__YOUR GOAL__.
Among the entries below, copy only the span from the line containing "Toyota Land Cruiser" through the line containing "rau, gạo, thịt.". Do so exactly, and skip the pictures.

__EXCERPTED RECORDS__.
• • • • •
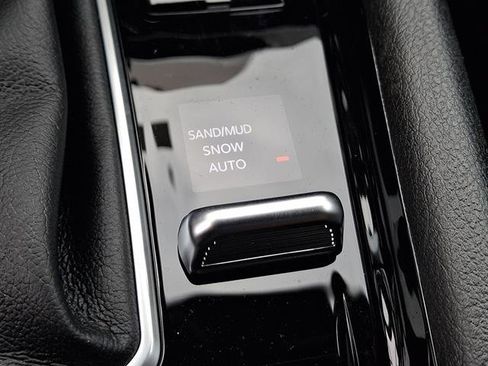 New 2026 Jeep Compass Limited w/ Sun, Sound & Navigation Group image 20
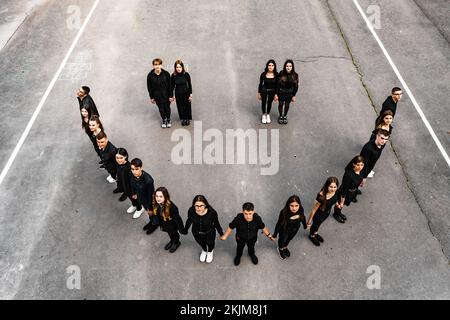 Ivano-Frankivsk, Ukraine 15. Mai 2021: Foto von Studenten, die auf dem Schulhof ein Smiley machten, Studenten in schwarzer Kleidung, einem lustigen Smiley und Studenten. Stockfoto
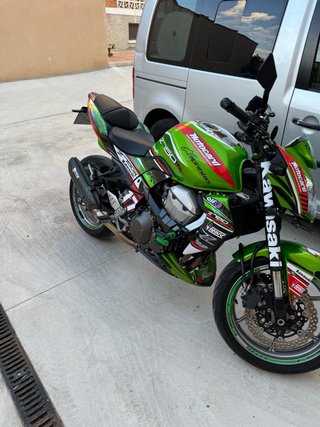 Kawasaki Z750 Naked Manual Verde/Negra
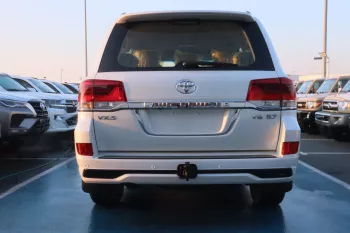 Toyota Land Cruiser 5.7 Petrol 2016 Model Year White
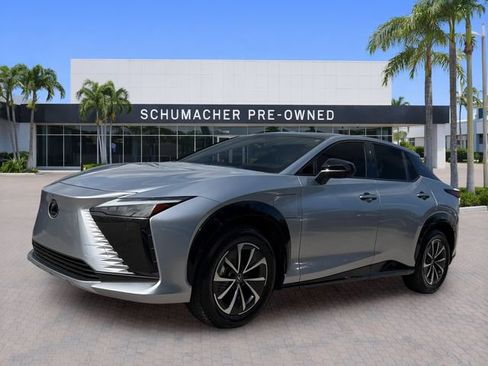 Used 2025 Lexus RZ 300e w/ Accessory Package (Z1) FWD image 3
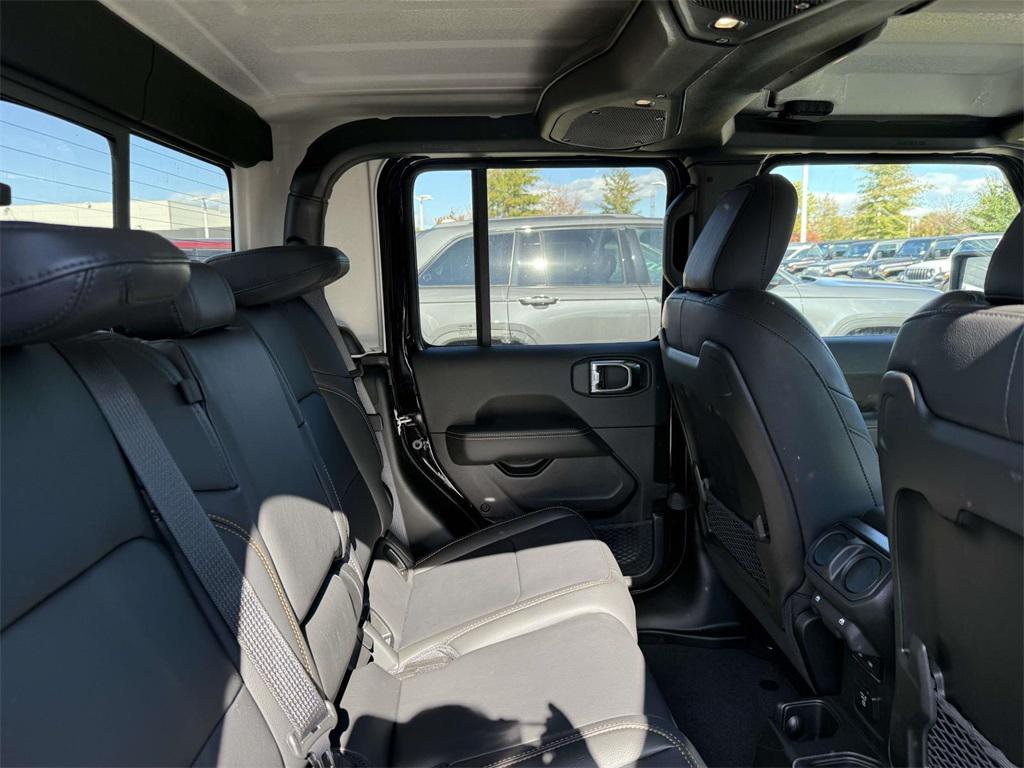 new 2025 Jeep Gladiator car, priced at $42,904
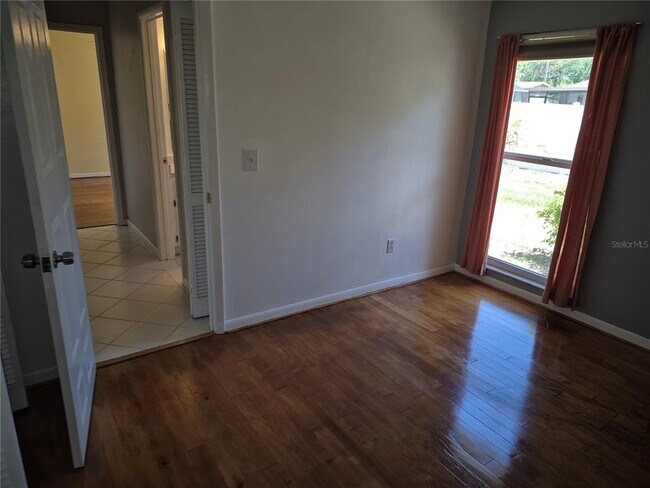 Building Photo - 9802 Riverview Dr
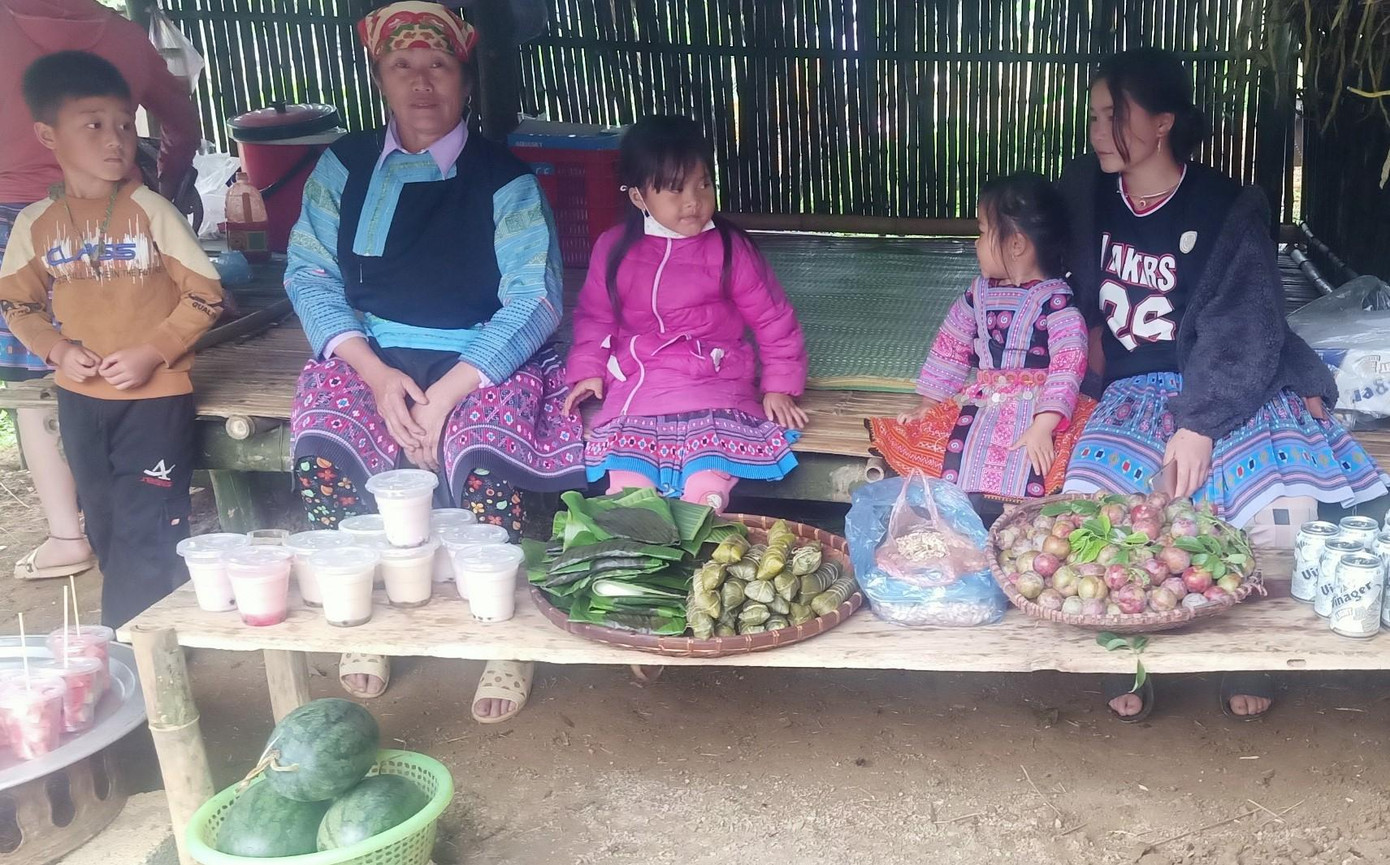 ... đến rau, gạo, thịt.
• • • • •
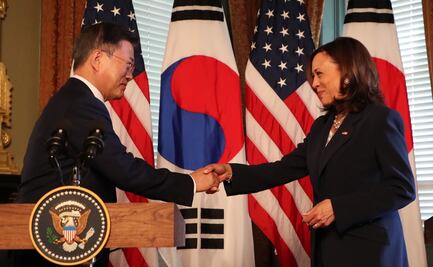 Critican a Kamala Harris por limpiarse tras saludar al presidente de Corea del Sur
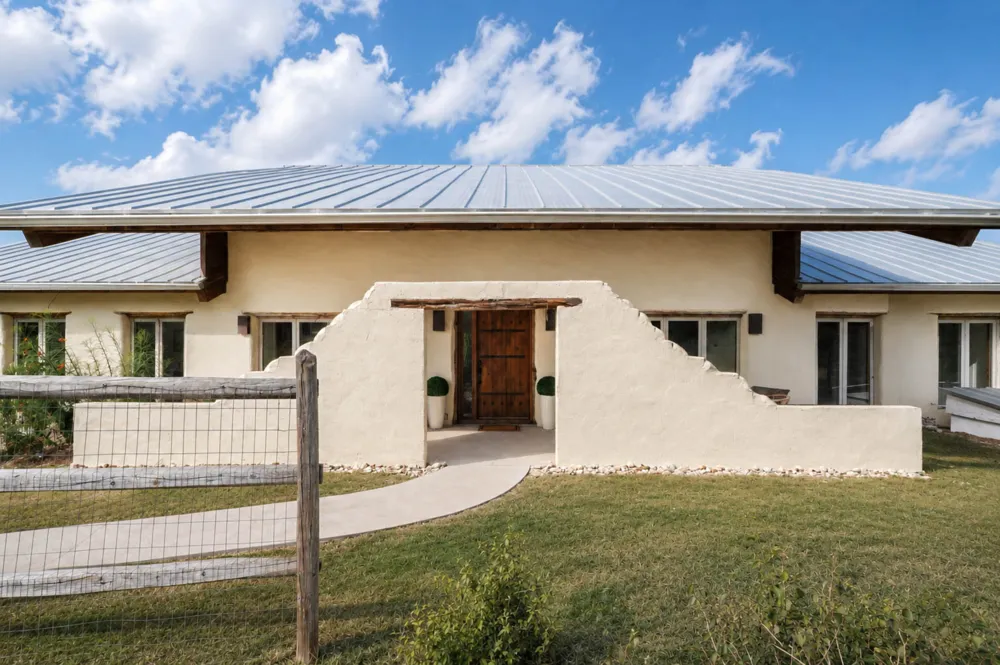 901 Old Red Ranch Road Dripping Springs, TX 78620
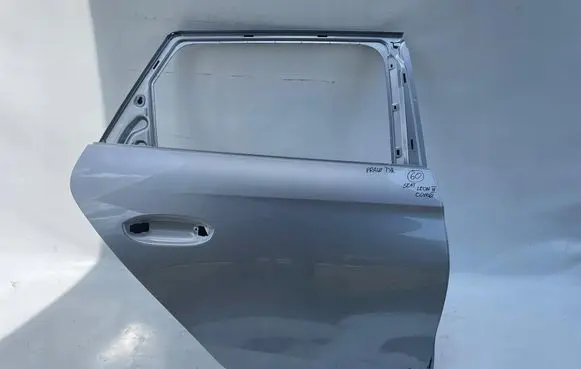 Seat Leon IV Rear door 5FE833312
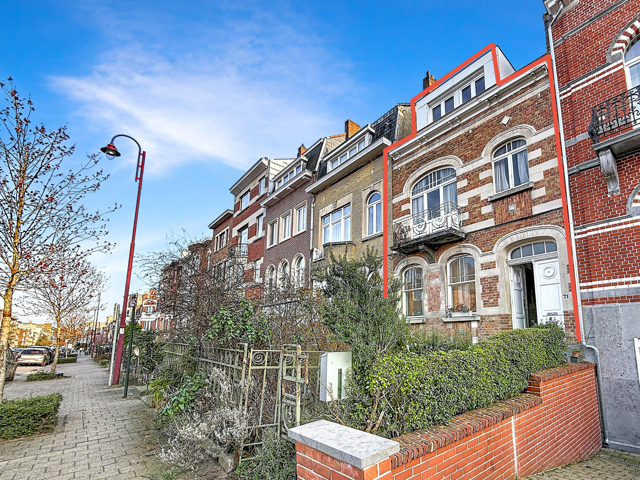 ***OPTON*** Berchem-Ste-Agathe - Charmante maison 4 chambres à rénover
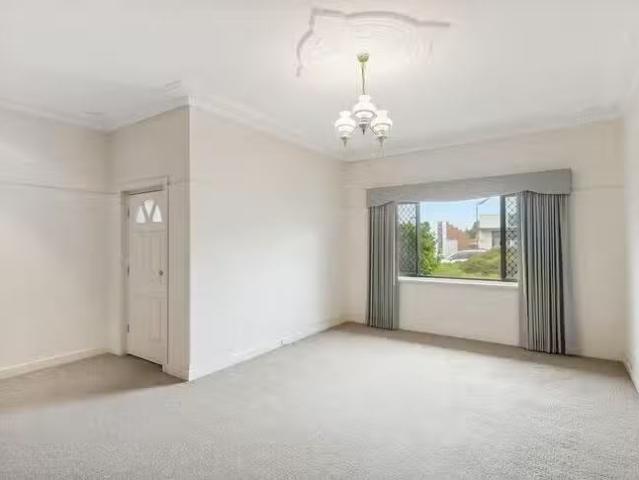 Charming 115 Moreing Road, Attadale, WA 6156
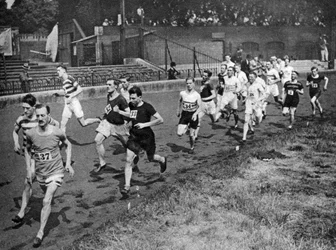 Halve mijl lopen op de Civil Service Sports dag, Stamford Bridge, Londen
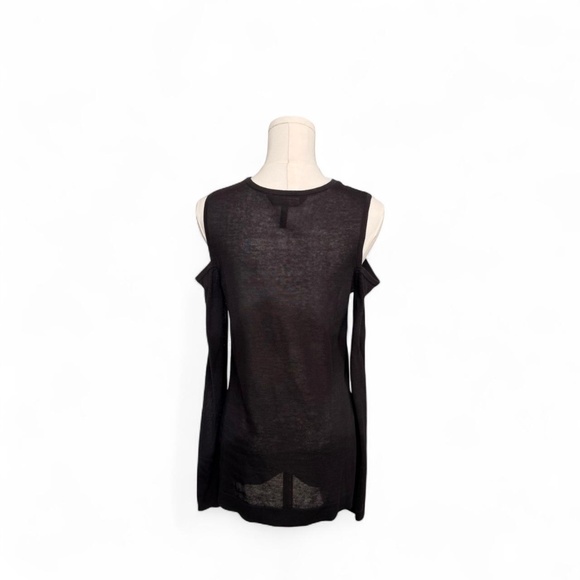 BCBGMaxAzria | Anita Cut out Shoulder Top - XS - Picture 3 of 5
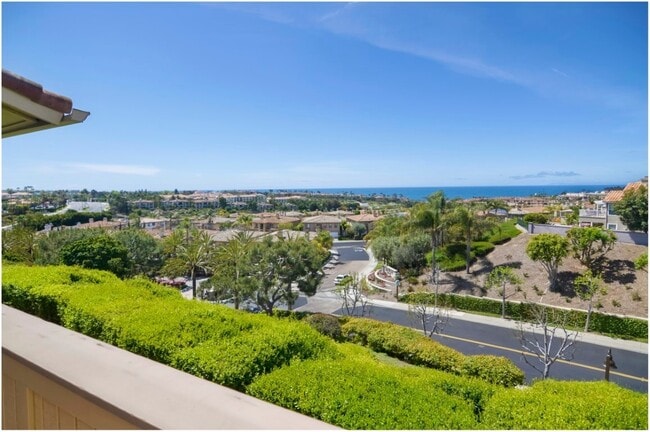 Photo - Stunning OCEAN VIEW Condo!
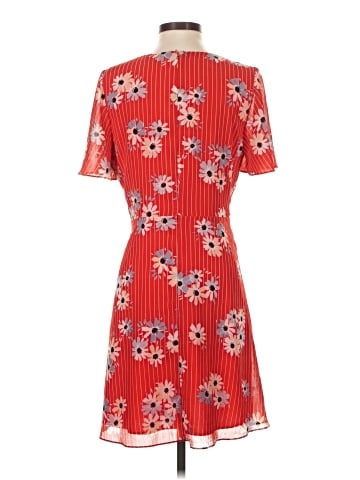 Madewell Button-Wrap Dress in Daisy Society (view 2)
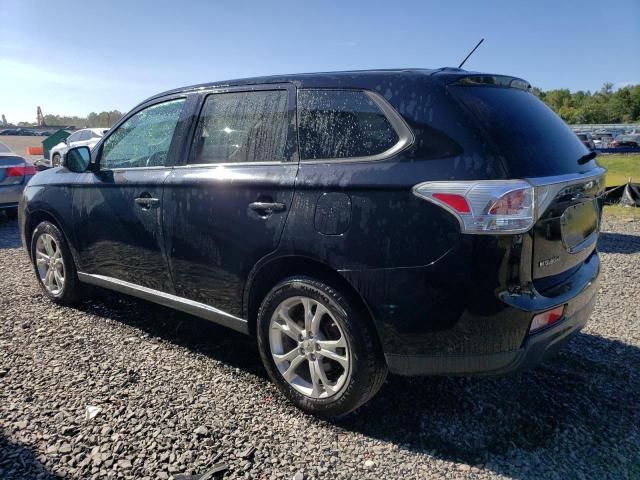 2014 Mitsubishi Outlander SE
• • • • •
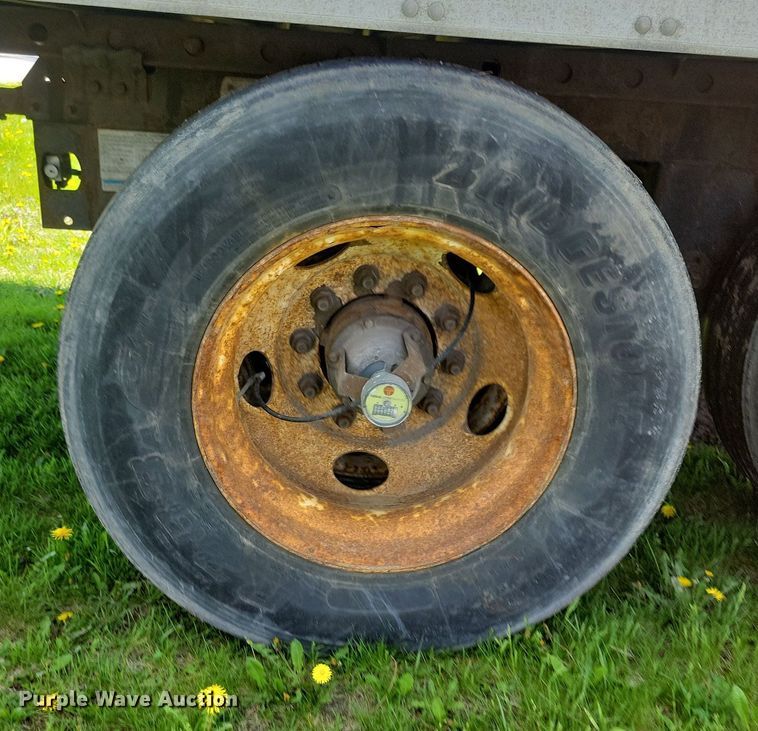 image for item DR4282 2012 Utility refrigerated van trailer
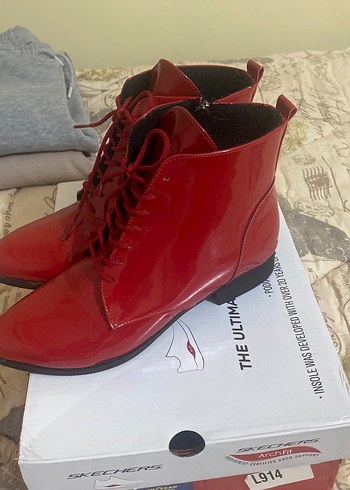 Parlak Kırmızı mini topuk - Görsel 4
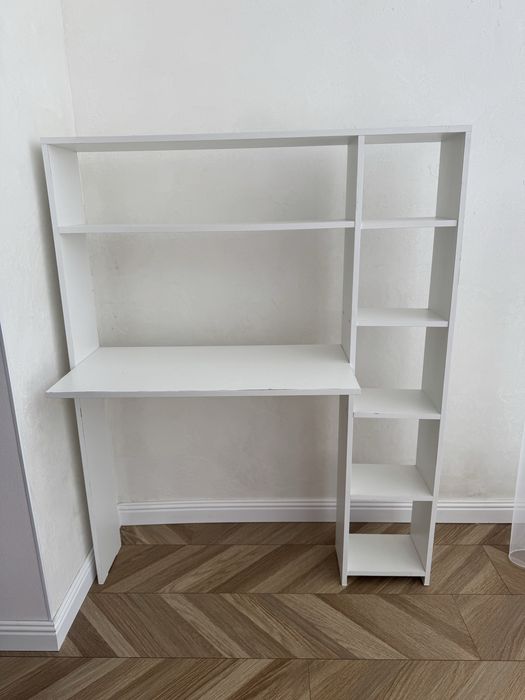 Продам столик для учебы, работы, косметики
• • • • •
__TASK SOLUTION__.
 Toyota Land Cruiser 5.7 Petrol 2016 Model Year White
 Used 2025 Lexus RZ 300e w/ Accessory Package (Z1) FWD image 3
 new 2025 Jeep Gladiator car, priced at $42,904
 Building Photo - 9802 Riverview Dr
 ... đến rau, gạo, thịt.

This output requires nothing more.